As John Chapman wrote for The American Sun, PissEarth, 2025 is the logical outcome of this mode of being: liberalism can only culminate with the end of liberalism or the ultimate liberation of the individual. The latter is the encouragement, on moral grounds, of everything base: it is globalisation, commoditisation, multiculturalism, the corporate negation of racial differences, &c. We cannot resign ourselves to swimming the burning river — that it may be our the future does not mean it is our destiny.
But we deny ourselves oblivion not for some clinging reason given to us by biological function, nor do we need appeal to a particular variety of philosophical justification. We do this because we should, because by thought we experience the world as being, and by being we continue to think. Any discussion on worldly terms, of course useful to others, is secondary when this comes up amongst ourselves.
So find — or choose, for the brain is malleable, and thought is active — an interest; the right-hand path: painting, sculpture, architecture, diet, fitness, craftsmanship, teaching, gardening, farming, ethics, philosophy, environmentalism, urban planning, or the left-hand path: videogames, local political groups, energy drinks, photography, modelling, metal music. Regardless, find something and engage with it on your level: force your Noble Identity upon it.
We cannot in any seriousness, or in name, even, organise or advocate squadrismo, the ethic of violence that once enlivened the paramilitaristic Ultras of Italy. But, as above, and as Clifford Geertz recognised, identity, or ideology, is “the very texture of thought.” But, as Mark Dyal, in the illuminating and heartful book on the subject, Hated and Proud: Ultras Contra Modernity, intimates, knowledge has reality-producing power, and writes how “Massimiliano” of the Ultras wished to “live according to values — bravery, strength in the face of any opposition, brotherhood,” valour, discipline, and other martial attributes, and of course this is also our goal. And we must make it so.
The Italian word mentalità, meaning “mentality,” encompasses almost a sense-able cultural worldview, an us/them distinction and connectedness, the monumental model of history, and a mode of being which aims higher, or at least, aims, in elation, above modernity. Amongst the Ultras, it can be something as simple as a refusal to eat peanut butter, but as profound as “unfailing steadfastness,” or the seeking of electric, violent encounters. Mr. Dyal defines it a motivating mode of thinking which provides “a particular moral-ethical orientation to behaviour.” We have a different mentality.
Beneath the dais of this mentality are vast and cohesive supporting structures, which are built of monumental history, heroic stories, and concepts of brotherhood and territorialisation. But amongst, or even suffusing or below these, lies Myth: a public narrative. Myth, as Dyal agnises, constructs distinction between groups, builds morality, justifies social structure, but also “operates as a self-standing phenomenon.”

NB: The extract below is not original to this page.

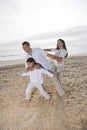 Hispanic family with girl having fun on beach Royalty Free Stock Photo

(If this speaks to you, I highly recommend Mr. Dyal’s book on the Ultras, which, along with being an intriguing and passionate social and historical work, is an intriguing philosophical and political treatise on our type’s hostilities towards modernity. The Ultras are the Italian football non-bourgeois warriors who sought “to restore communal, spiritual, and ritual dimensions to modern life.” I am writing a review article.)
In short, we must prevail on this ride because we can distinguish type and see differences. We must succeed because we are exclusive and recognise local particularity. We must be victorious because we are straightforward, conscious and inflexible. But most of all, as Nietzsche recognised, we must prevail because our mentality is a positive one: we are prideful.